Photo by Ume氏(再録)
東京では、今週末ぐらいが桜の見頃となるようだが、牧場内の山桜が咲き出すのはまだ1ヶ月以上も先、5月の連休ぐらいだろう。もっとも、そんなふうに思って気など緩めていたら、すぐにそんな日は来てしまう。
と、ここまだ呟いて急に思い立ち、どこまで行けるか予想できない入笠に出掛けてみた。問題は3月に降った雪だと覚悟して行ったのだが、オオダオ(芝平峠)までは殆ど雪もなく、誰が処理したのか倒木が1,2本目に付いただけだった。

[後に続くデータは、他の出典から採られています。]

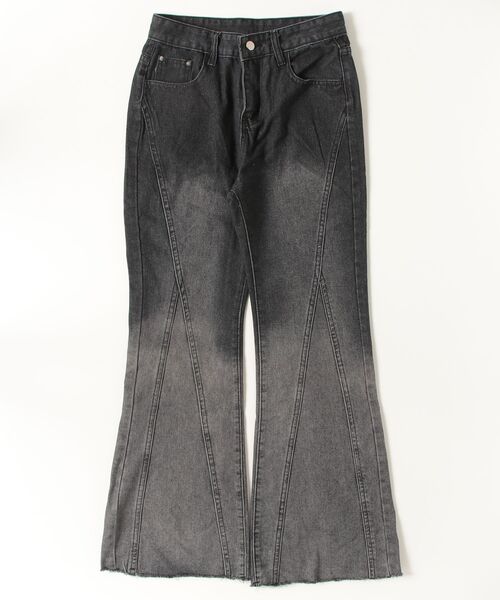 FUNdaysion(ファンデイション)の「切替デザインフレアデニムパンツ(デニムパンツ・レディース・ダークグレー・S/M/L)」の14枚目の写真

ところが、峠を過ぎた途端、積雪ばかりか倒木が次々と行く手を阻み、のみならず雪の上の轍を見ても、車など随分長いこと通っていないことが一目で分かった。結局、以前に希少金属の調査に来た人たちがよく駐車場にしていた大曲の手前、そうそう何年か前にクマに遭遇した辺りで、ついにそれ以上進むことを断念した。そこまでに、10本近くの倒木を処理したが、チェーンソーならぬノコギリで悪戦苦闘しているうちに、闘志はすっかり萎れてしまった。

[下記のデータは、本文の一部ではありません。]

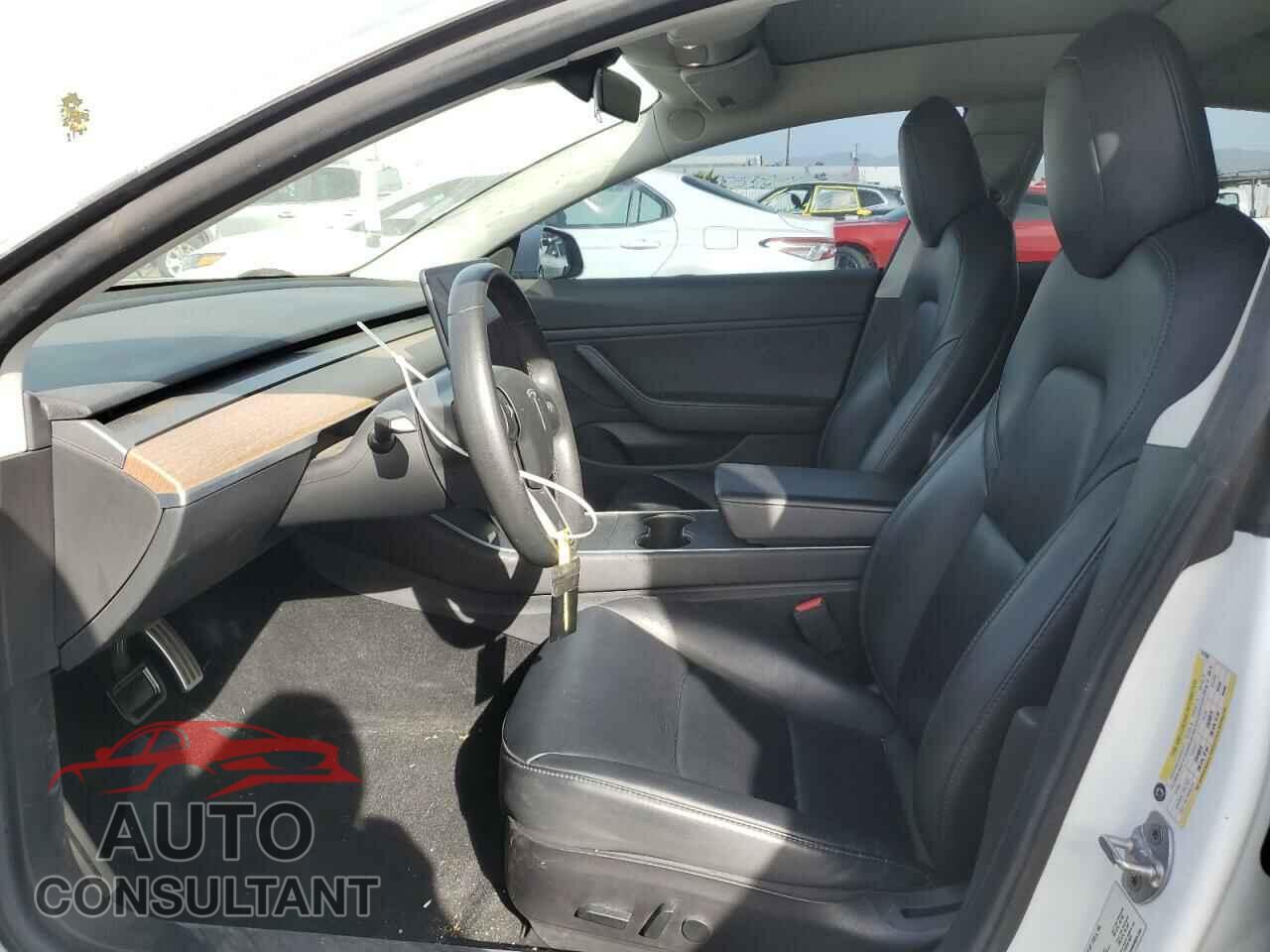 TESLA MODEL 3 2019 - 5YJ3E1EB1KF512398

ところが、帰ろうとしてしばらく車を走らせているうちに、このまま引き返えしたのでは何のために来たのかという、厄介な気が湧いてきた。昔、山で味わった敗退のような気分がしてきたのだ。そしてとうとう、再挑戦することにして、また反転した。
四駆をさらに「L」にして、1速、2速、3速と雪の状態に対抗し、かつまた、さらなる倒木とも闘うという大変に忙しいことになった。池の平を過ぎ、心配していた雪の量が増えたが、以前に"カメ"になった場所もかろうじて通過できた。そして「焼合わせ」まで来て一瞬、「そこまでにしておけ」という囁きを聞いたような気がした。にもかかわらず、その声を無視した。
最初の大曲は、雪崩たり雪が吹きだまりになったりして冬の難所となる。1速に落として強引に進んだ。かなり限界に近いことを感じていたが、さらに次の大曲に進入しかけた所で、車は前触れもなく雪の深みに嵌まり、停まった。怖れていたカメ状態になってしまったのだ。一冬に最低1回はこれを体験しないと入笠の冬は終わってくれないらしい。用心のためスコップは車に積んでおいたが、倒木処理に加え次は除雪作業、これはまた体力の要る仕事で、鈍っていた身体には良い運動になった。
今夜の酒は美味い。美味過ぎる。それはもちろんいい。にしても、仕事が始まるまでにあの雪はどうなるだろうか。タイヤのすり減った、走行距離16万キロを超える軽トラが怨めしい。